JuliaLang / julia

The Julia Programming Language
https://julialang.org/
MIT License
45.58k stars 5.48k forks source link

Vectorization Roadmap #16285

Closed stevengj closed 7 years ago

stevengj commented 8 years ago

Now that #15032 is merged, here are the main remaining steps discussed in #8450, roughly in order that they should be implemented:

More speculative proposals probably for the 0.6 timeframe (suggested by @yuyichao):

andyferris commented 8 years ago

Regarding the third point, can we do .= as broadcast! without worrying overly about loop fusion?

As in A .= B as broadcast!(x->x, A, B) as an element-wise copy. Of course, more complex expressions would require more complex loop fusion, but this gives some moderate gain. .+= and so-on are very low-hanging fruit for at least removing one layer of allocation very simply.

(Hmm... that last one makes me think if .sin= is good syntax? As in A .sin= B being like Julia 0.4 A[:] = sin(B[:]) I'm being more than a bit silly here, but it works similarly to the . prefix version like .sin(x) rather than suffix sin.(x). It even kinda nests: A .exp.sin= x. Quite ugly though, and messes with scoping/field syntax)

stevengj commented 8 years ago

@andyferris, without loop fusion, an in-place .= is pretty useless. An expression like x .= 4y .+ 5y.^2 .- sin.(y) will still allocate lots of temporary arrays. If you just want element-wise copy, you can already do A[:] = B.

andyferris commented 8 years ago

@stevengj I agree that it is (almost) useless, except for an alternative copy syntax. It's just "step zero" - it's dirt simple and provides the precedence for "step one" as doing similarly for .+= and all the other op= with a prefix ., which then starts to be useful, for things like x .+= 1 or something to be non-allocating where x is an Array. In fact, the number of op= operators currently defined is relatively small... so it shouldn't be too hard to define them all.

"Step 2" would be the more complex loop fusion or similar, and perhaps generalizations to generic functions.

On the whole, I do have to support what Jeff said in #14544 (comment). Perhaps the cleaner approach is to have some neat syntax for map/broadcast (and hopefully where loop fusion is clear to the user or compiler). I dunno.

stevengj commented 8 years ago

@andyferris, that discussion is out of date. We now do have a neat syntax for broadcast, and the possibility for loop fusion is now exposed to the compiler at the syntax level. And the since that syntax is ., generalized dot operators now make a lot more sense.
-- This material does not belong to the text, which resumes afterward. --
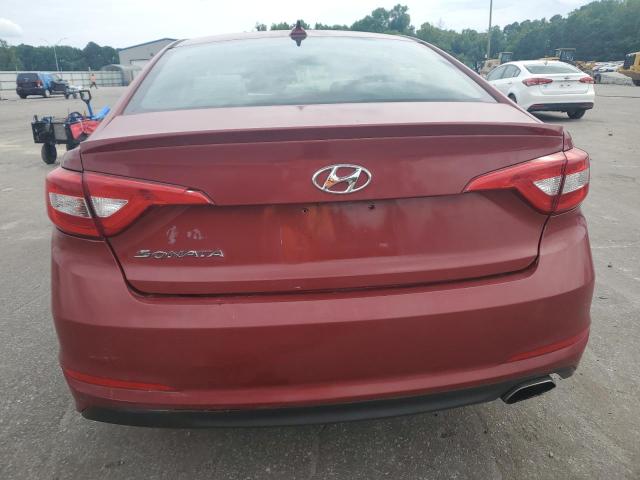 5NPE24AF7GH376038 - 2016 HYUNDAI SONATA SE BURGUNDY photo 6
andyferris commented 8 years ago

@stevengj Sorry, I missed the last week or so of #8450 (it's really hard to keep up with all the threads!).
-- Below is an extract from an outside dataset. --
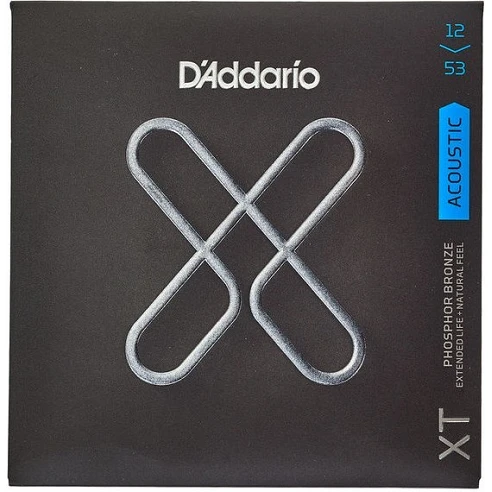 Daddario XTAPB1253 Phosphor Bronze Cuerdas para Guitarra Acústica 12-53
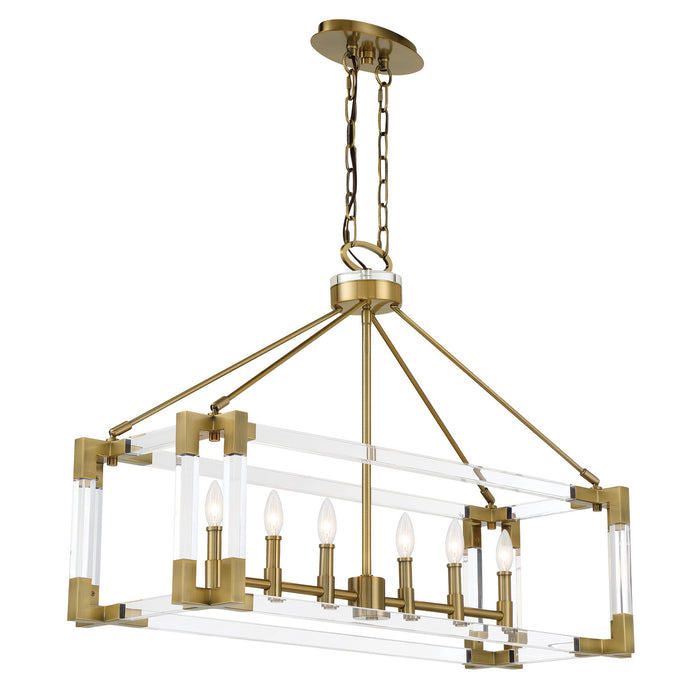Metropolitan - N7356-790 - Six Light Island Pendant - Prima Vista - Aged Antique Brass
In any case, the progress seems very cool! The parser-based loop fusion (e.g. your #8450 (comment) seems like a great option to me. Any more complex things can still be done with loops, comprehensions, map and broadcast explicitly.

diegozea commented 8 years ago

A @fuse macro can be more safe than making the loop fusion at parser level, can't it?

yuyichao commented 8 years ago

What's the advantage? We already have that Devectorize.jl and I don't think It will be more flexible or give you more control.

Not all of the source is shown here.